Ils avaient fini par louer un petit local en face du premier pour accueillir les pratiquants. 
"Les mosquées du centre-ville ne sont pas assez grandes pour accueillir les musulmans qui vivent dans le centre-ville. C'est pour cette raison que nous sommes à la recherche d'un local plus grand". 
Ils assurent que le respect du voisinage est "imposée par leur religion".
 "Nous ne voulons pas causer de gêne. Une mosquée cela apporte le calme. Une religion, c'est serein", affirme l'un des deux.
 En revanche, ils confirment ne pas avoir encore abouti ni dans la collecte de l'argent nécessaire, ni dans les discussions avec le propriétaire.
"C'est pour cette raison que nous n'avons pas encore discuté avec les riverains ou avec les autorités. À quoi cela sert de venir discuter alors qu'il n'y a rien de concret ?", insiste l'autre.
 Les deux responsables sont bien conscients du caractère polémique de l'installation d'une salle de prière musulmane en centre-ville.
 L'un et l'autre arborent les signes extérieurs - barbe drue et robes longues - d'une vision traditionaliste de l'Islam.
Leur salle de prière a d'ailleurs une réputation d'intégrisme ou de salafisme sans que cet anathème ne soit jamais affirmé publiquement.
 "Nous rejetons toutes ces étiquettes. Nous n'appartenons à aucun courant. Nous sommes des musulmans pratiquants qui souhaitons pratiquer", se défendent-ils.

"Je choisirai les marins-pompiers"

Jointe par nos soins, la nouvelle maire de secteur des 1/7, Sabine Bernasconi a été mise au courant du projet de mosquée sans en connaître les détails. "Je n'ai été contactée par aucune association à propos d'un quelconque projet à cet endroit. Tout ce que j'en sais, je le tiens des riverains qui m'ont présenté le tract en question".
 La nouvelle édile prend grand soin de ne pas clairement affirmer d'opposition au projet, ni même d'évoquer la symbolique de la Canebière.
 "Nous sommes tout à fait conscients qu'il y a un besoin de lieu de prière dans le 1er arrondissement. Mais le centre-ville n'est pas forcément adapté. Les rues sont étroites. Nous nous en sommes aperçus en cherchant des sites pour des équipements sportifs. Si cette association vient me voir, nous chercherons avec eux des solutions qui les éloigneront sans doute du centre-ville".
Dernier argument qui plaide plutôt en défaveur du projet, Sabine Bernasconi invoque un projet ancien d'extension du centre de secours des marins-pompiers qui jouxte la galerie.
"S'il fallait choisir entre ce projet et celui d'une mosquée, je choisirais les marins-pompiers".
 Cette dernière information étonne un peu la présidente du conseil syndical : "La Ville possède de nombreux locaux dans la galerie dont elle ne fait rien. Je serai ravie que la mairie se décide à en faire quelque chose pour les marins-pompiers mais je ne vois pas vraiment en quoi cela concerne l'ancienne boîte de nuit".
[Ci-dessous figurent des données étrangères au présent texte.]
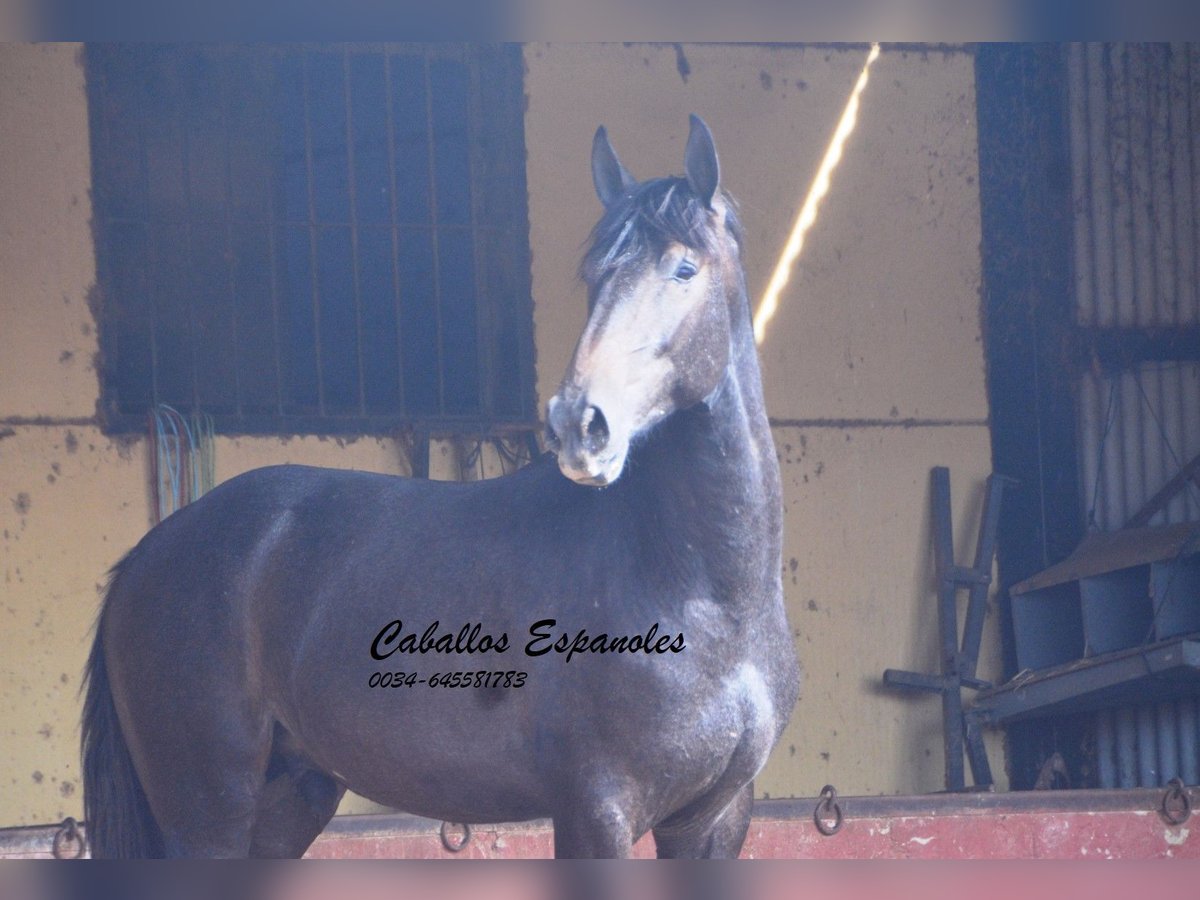 Andaluso Stallone 2 Anni Grigio ferro in Vejer de la Frontera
D'autant plus que des éventuels travaux d'extension seraient contraints par le classement du building.
Dans les couloirs de l'hôtel de Ville, on est évoque une position beaucoup plus ferme : en cas de compromis de vente, la Ville fera jouer son droit de préemption.

 Pas question de voir un lieu de prière s'installer sur la Canebière.
Mais, comme le projet, la position n'a rien d'officielle.